4. A82 - 42 casualties
The beautiful views the road offers masks the dangers which it brings.
Starting just west of Glasgow, the road winds northwards to Glencoe offering Glaswegians an escape to Loch Lomond or the West Highlands.
Despite its beauty the road is deadly. Fifthteen people were killed while travelling on the route, while a further 42 people were also seriously injured.
Due to the road's rural location in parts crashes can cause major delays.
In February, an overturned lorry and van caused a 70 mile diversion for drivers.
5. A85 - 59 casualties
It's not only other motorists that drivers have to watch out for on the A85.
In 2004, a landslide covered a portion of the road stranding motorists.
Over the last three years 11 people have died on the road and the same number of motorists being seriously injured as that on the A9, 44.
The road stretches from Perth to the Loch Lomond and the Trossachs National Park.
The figures were disclosed by the Scottish Government to the Scottish Liberal Democrats in a written answer by transport minister Humza Yousaf.
Lib Dem MSP Mike Rumbles says the figures show the Scottish Government have "still has a huge amount of work to do".
Rumbles said: "Most families rely on their cars to get around and we need to ensure that we do what we can to make our roads as safe as possible.
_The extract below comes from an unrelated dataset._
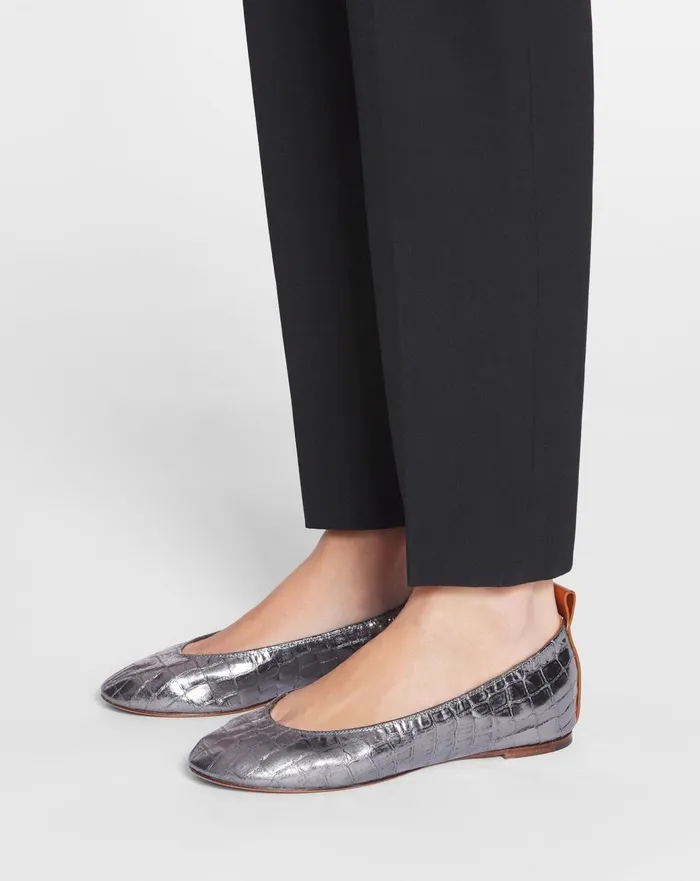 The Ballerina In Crocodileeffect Leather Silver Women Lanvin Ballerinas The Ballerina In Crocodileeffect Leather Silver Women Lanvin Ballerinas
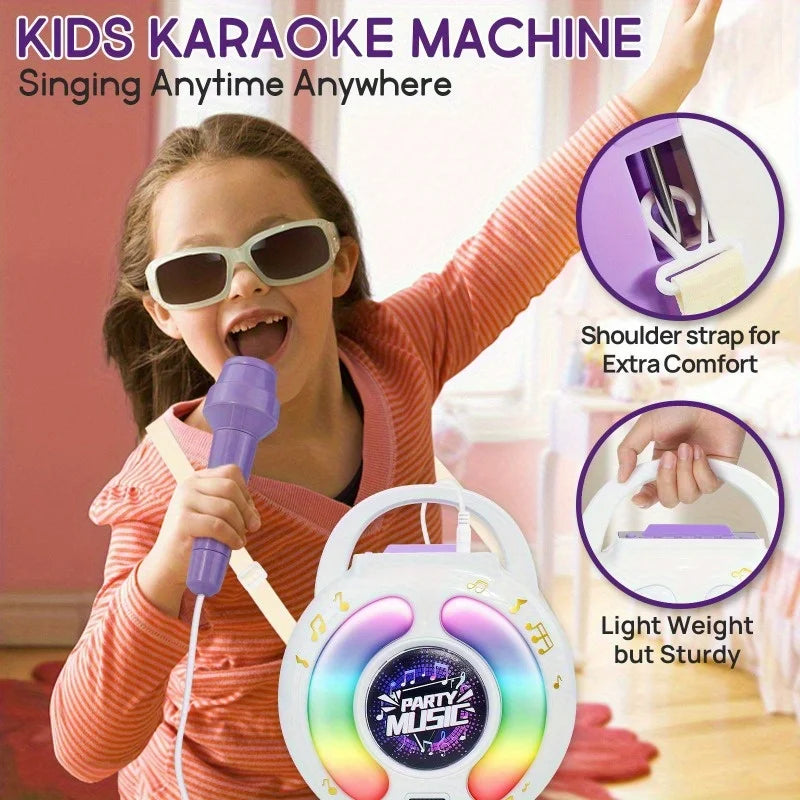 Portable Karaoke Machine with 2 Microphones and Lights for Kids Music Fun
These figures demonstrate clearly that the Scottish Government still has a huge amount of work to do to boost safety on the trunk roads that are directly under their control.
"Since 2013 we have seen year on year increases in the number of serious or fatal accidents on trunk roads under the management of the Scottish Government. We have also seen transport infrastructure projects that have already been budgeted for and announced with great fanfare being dragged out and delayed.
"Our emergency services do fantastic, life-saving work responding to accidents as they happen but they need the government back them up too.
"Clearly, major infrastructure projects take time. But we have already been waiting for years to see improvements to roads like the A96. The SNP came into government in 2007 pledging urgent action to improve these trunk roads but next to nothing has happened."
A Transport Scotland spokeswoman told STV they are "committed" to working to reduce casualties on Scotland's roads.
She said: "Every road death is a tragedy - that is why we are committed to working with local authorities and other key partners to deliver the priorities and casualty reduction targets set out in Scotland's road safety framework to 2020.
"Any suggestion fatal casualties are rising is quite simply incorrect. Scotland has some of the safest roads in the world and figures published in mid-June show we have the lowest casualty figures nationally since records began. In fact, the data for the five roads highlighted clearly shows a reduction of 16% in fatal accidents over the three years quoted. Not only this, these roads are the longest, with large traffic volumes on some sections, and the true casualty reductions should be welcomed.
She continued: "Separately, there has been an improved A9 road safety performance since the installation of the average speed cameras with road deaths down 30 per cent, seriously injured down over 70% and fewer incidents disrupting traffic - all this against a background of increasing traffic volumes and improved journey time reliability.
"Our ambitious programmes to dual the A9 and A96 will bring faster journey times, better journey time reliability and road safety improvements for anyone travelling on these important routes. We are also delivering improvements in the north east through the AWPR/B-T scheme. Beyond this, the Scottish Government has invested over £1.3bn in maintaining the motorways and other trunk roads since 2007, with road safety spend aimed at pursuing reductions in both accidents and casualties to support the delivery of our 2020 Road Safety Framework targets."